In [1]:
import os
import requests
import pandas as pd

# from .manager import validate_project_id, get_dataframe_query
# from . import connection_manager


In [2]:
def get_dataframe(ds_name, project_id="172f5711-3ff4-4640-a68e-858cae300d01", row_count=-1, strategy="top", user_id="1001",
                  filter_condition=None):
    """
    Param:
        ds_name,
        project_id=os.getenv("project_id"),
        row_count=-1,
        strategy="top"
        user_id="1001"
    To get pandas dataframe.
    Need to install mosaic-connector-python for reading dataframe using connector backend,
    git+https://gitlab+deploy-token-14:myUpFE_XRxShG53Hs6tV@git.lti-aiq.in/mosaic-decisions-2-0/mosaic-connector-python.git@1.0.29.3
    """
    try:
        connection_manager="http://fdc-project-manager:80/project-manager"
#         project_id = validate_project_id(project_id)
        url = f"{connection_manager}/connections/api/External/v2/external/getConnConfig/" \
              f"{ds_name}/fdcuser/{project_id}"    # user id hard coded, as it's not being used in API code.
        print(url)
        connection_details = requests.get(url, verify=False).json()

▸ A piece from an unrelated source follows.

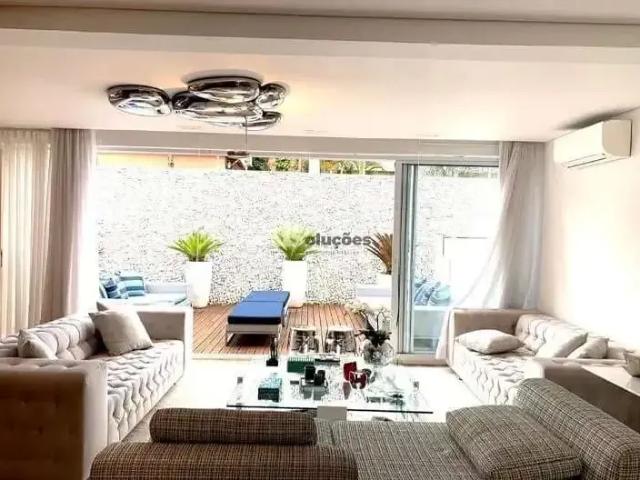 Casa / Sobrado para Venda em São Paulo/SP Pacaembu 3 Quartos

        if connection_details["params"]["READER"]["type"] == "RDBMS":
            if connection_details["params"]["READER"]["sub_type"] == "SNOWFLAKE":
                data_frame = get_snowflake_df(connection_details, row_count, strategy, filter_condition)
            elif connection_details["params"]["READER"]["sub_type"] == "MYSQL":
                data_frame = get_mysql_df(connection_details, row_count, strategy, filter_condition)
            elif connection_details["params"]["READER"]["sub_type"] == "HIVE":
                data_frame = get_hive_df(connection_details, project_id, row_count, strategy, user_id, filter_condition)
            elif connection_details["params"]["READER"]["sub_type"] == "SQLSERVER":
                data_frame = get_sqlserver_df(connection_details, row_count, strategy, filter_condition)
            elif connection_details["params"]["READER"]["sub_type"] == "POSTGRES":
                data_frame = get_postgres_df(connection_details, row_count, strategy, filter_condition)
            else:
                print("Reading dataframe using connector backend")
                # Need to install, git+https://gitlab+deploy-token-14:myUpFE_XRxShG53Hs6tV@git.lti-aiq.in/mosaic-decisions-2-0/mosaic-connector-python.git
                from connector.mosaicio import MosaicioConnector
                connector = MosaicioConnector()
                data_frame = connector.getPandasDataFrame(
                    param=connection_details["params"],
                    row_count=row_count,
                    strategy=strategy
                )
        elif connection_details["params"]["READER"]["type"] == "FILE":
            if connection_details["params"]["READER_STORAGE"]["type"] == "AMAZONS3":
                data_frame = get_s3_df(connection_details, row_count, strategy)
            elif connection_details["params"]["READER_STORAGE"]["type"] == "AZURE":
                data_frame = get_azureblob_df(connection_details, row_count, strategy)
            elif connection_details["params"]["READER_STORAGE"]["type"] == "SFTP":
                data_frame = get_sftp_df(connection_details, row_count, strategy)
        return data_frame
    except Exception as ex:
        print(f'project_id: {project_id}')
        print(f"Connection details fetched: {connection_details}")
        print(f"Exception occurred in get_dataframe: {ex}")


In [3]:
def get_snowflake_df(connection_details, row_count, strategy, filter_condition):
    """
    Param:
        connection_details: connection details dict
        row_count: number of rows to be fetched
        strategy: top/bottom
    To read data frame form snowflake connection
    """
    print("Reading dataframe from snowflake native connector")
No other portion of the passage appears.